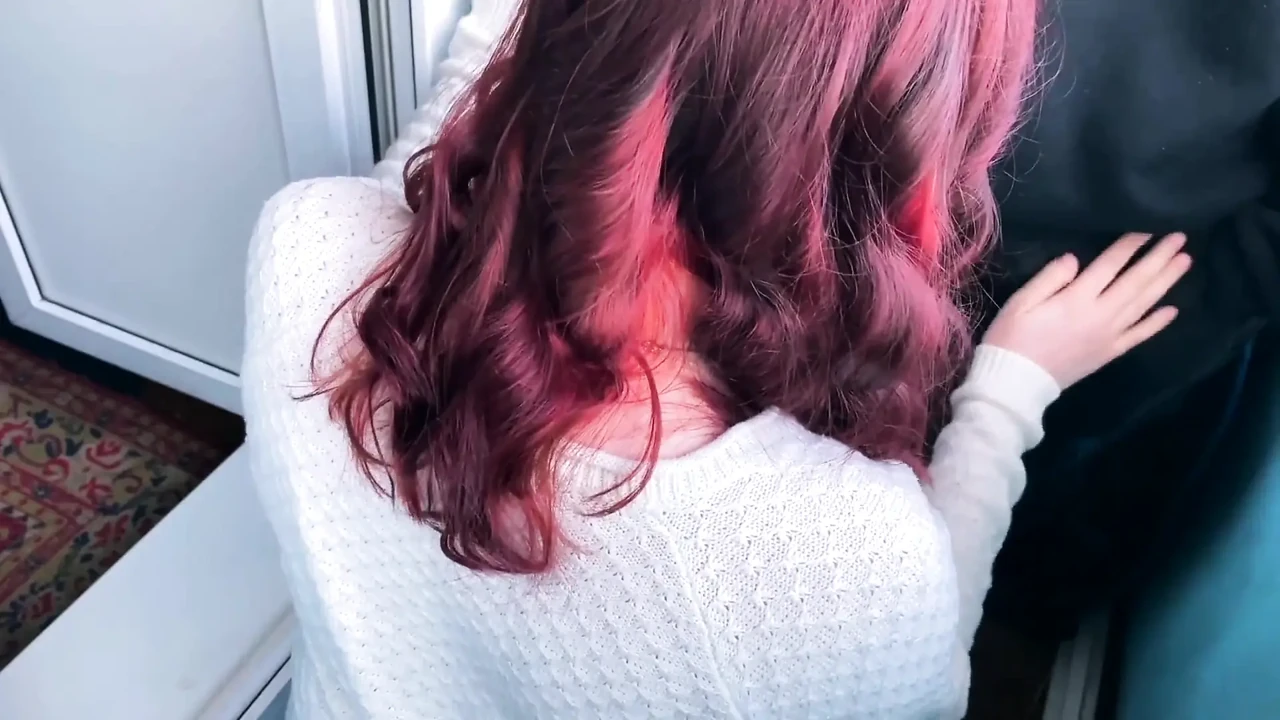 Outdoor blowjob on the balcony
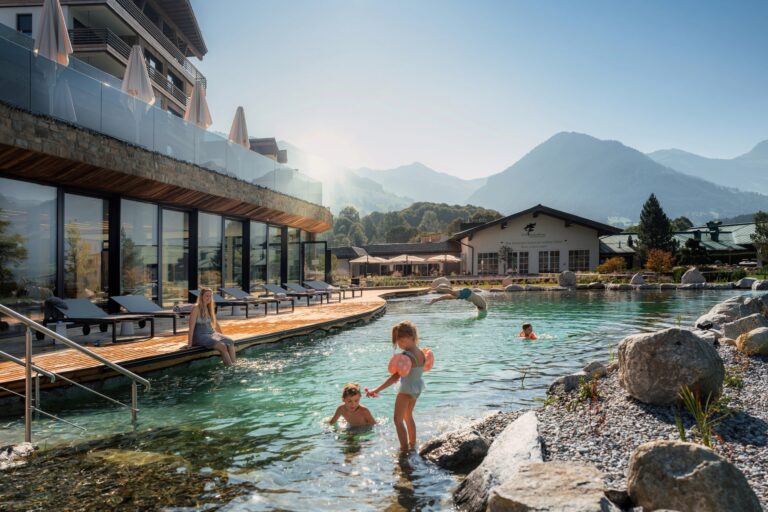 Natural swimming pond at the Grand Family Spa, Grand Tirolia Kitzbuhel
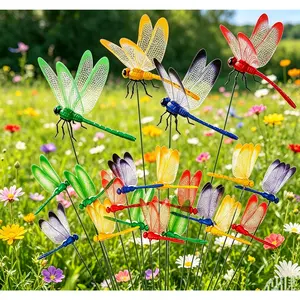 3D Colorful Dragonfly Stakes, 8 Pack Weatherproof Decor For Garden, Lawn & Flower Pots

● **WHAT YOU NEED TO DO**: The whole of the data needs to be copied word for word, though not its pictures.

● **RESULT BELOW**:
 Outdoor blowjob on the balcony
 Natural swimming pond at the Grand Family Spa, Grand Tirolia Kitzbuhel
 3D Colorful Dragonfly Stakes, 8 Pack Weatherproof Decor For Garden, Lawn & Flower Pots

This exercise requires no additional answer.